►

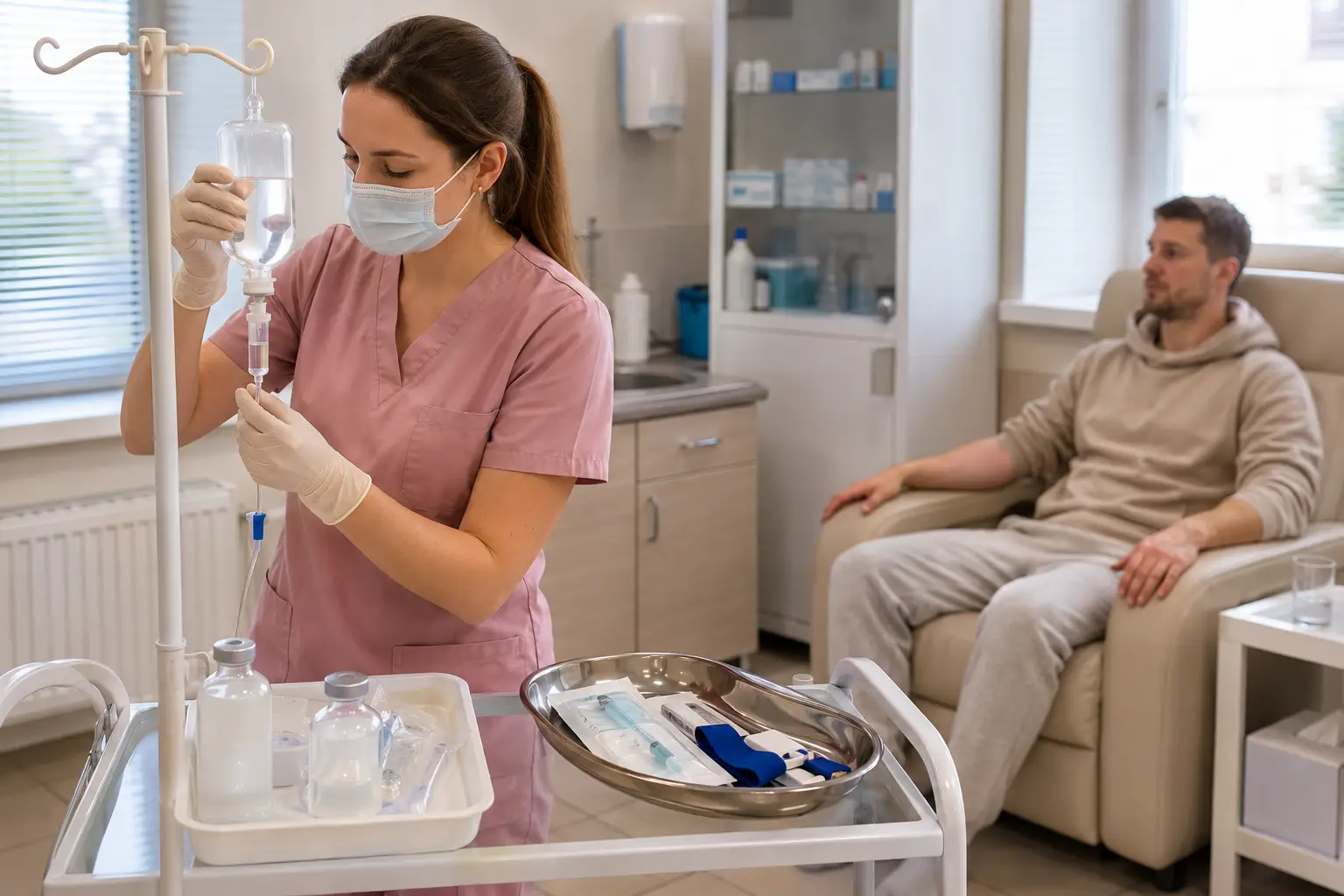 Медсестра готовит капельницу от токсинов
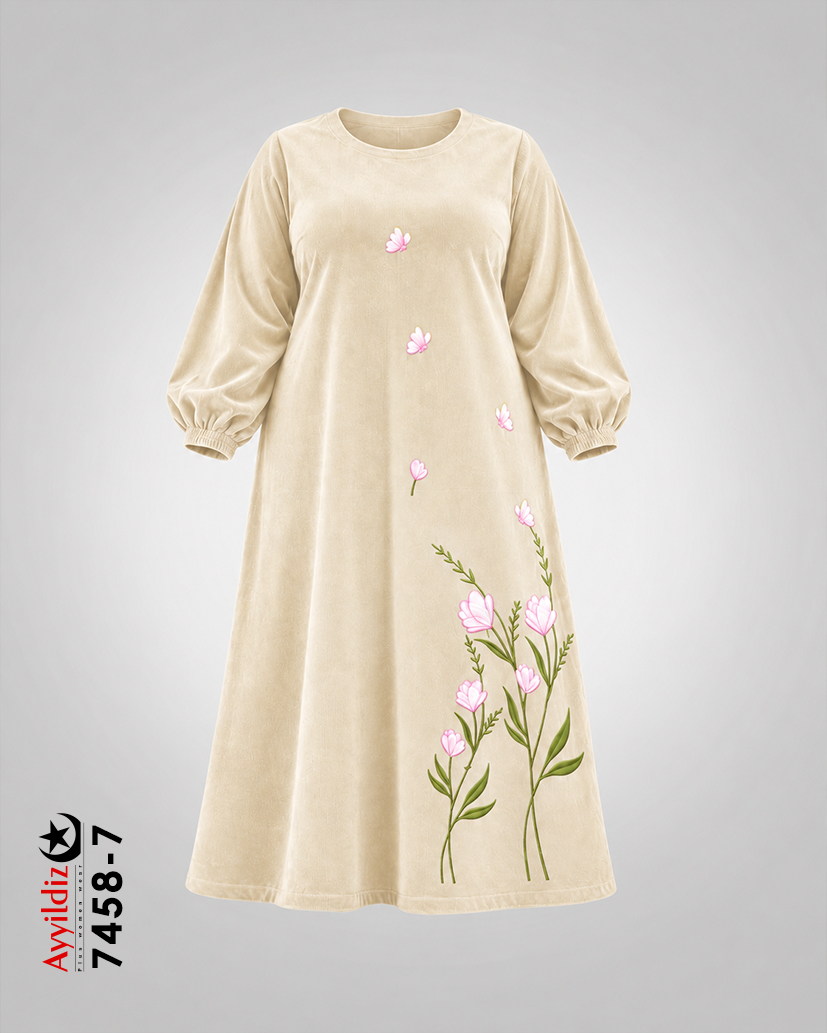 پیراهن کفتان مخمل کبریتی سایز بزرگ زنانه کد ۷۴۵۸ کرمی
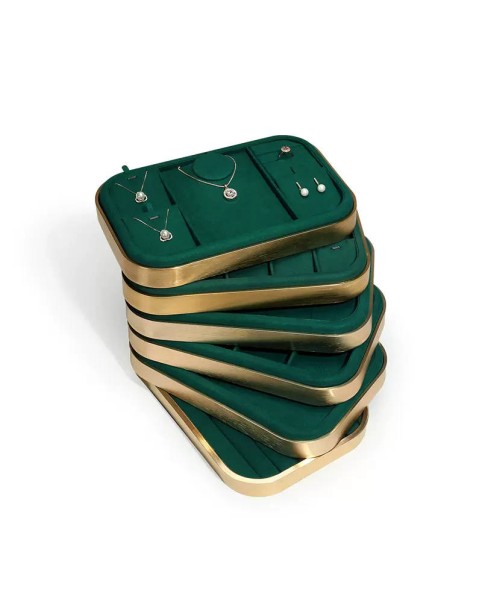 Bandeja de exhibición de brazaletes de joyería de terciopelo verde dorado premium de lujo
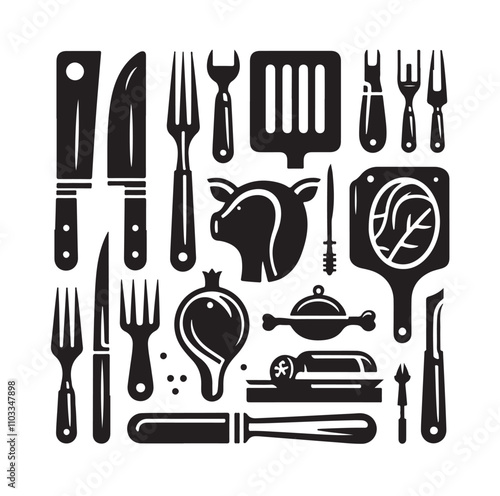 Kitchen tools silhouette vector collection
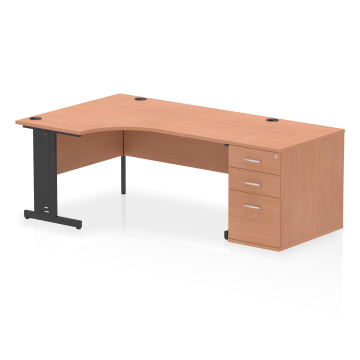Office Corner & L-Shaped Desks Impulse 1600 Left Crescent Desk Beech, Black Cable Managed Leg 800D Desk High Ped I004476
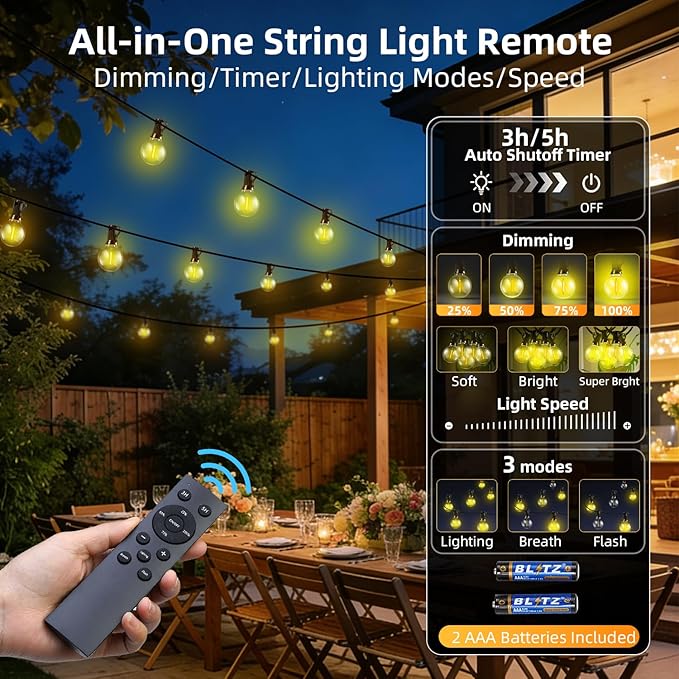 33FT Solar Lights Outdoor Waterproof: G40 10M Shatterproof Bulbs Patio Lights - Solar Powered Remote Control 3 Light Modes Dimmable Solar Light - Camping Backyard Garden Deck Outside Yard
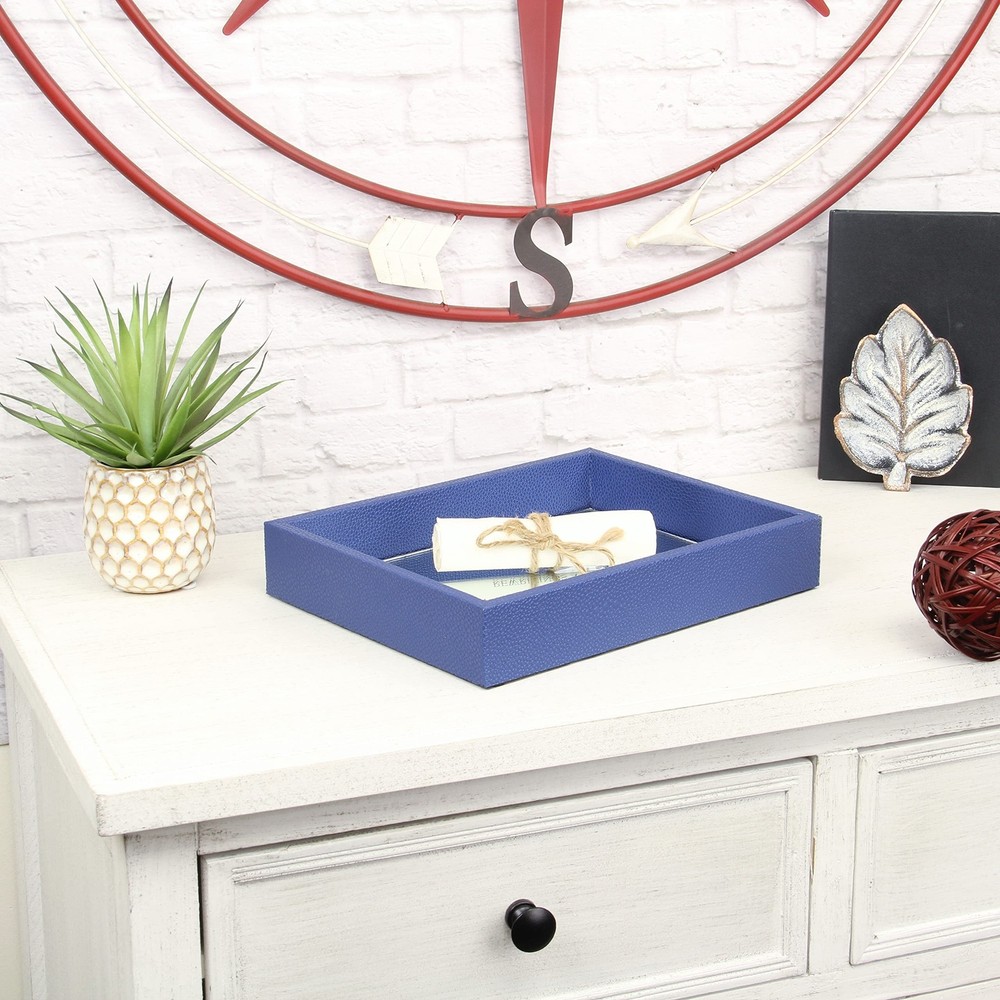 10 Navy Blue Rectangular Wood Handmade Tray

◄

* ABOUT THIS EXERCISE *
From the line with "33FT Solar Lights" to the final line of the records, inclusive, set down the lines exactly and add nothing; leave every picture out.

* RESPONSE TO THIS EXERCISE *
 33FT Solar Lights Outdoor Waterproof: G40 10M Shatterproof Bulbs Patio Lights - Solar Powered Remote Control 3 Light Modes Dimmable Solar Light - Camping Backyard Garden Deck Outside Yard
 10 Navy Blue Rectangular Wood Handmade Tray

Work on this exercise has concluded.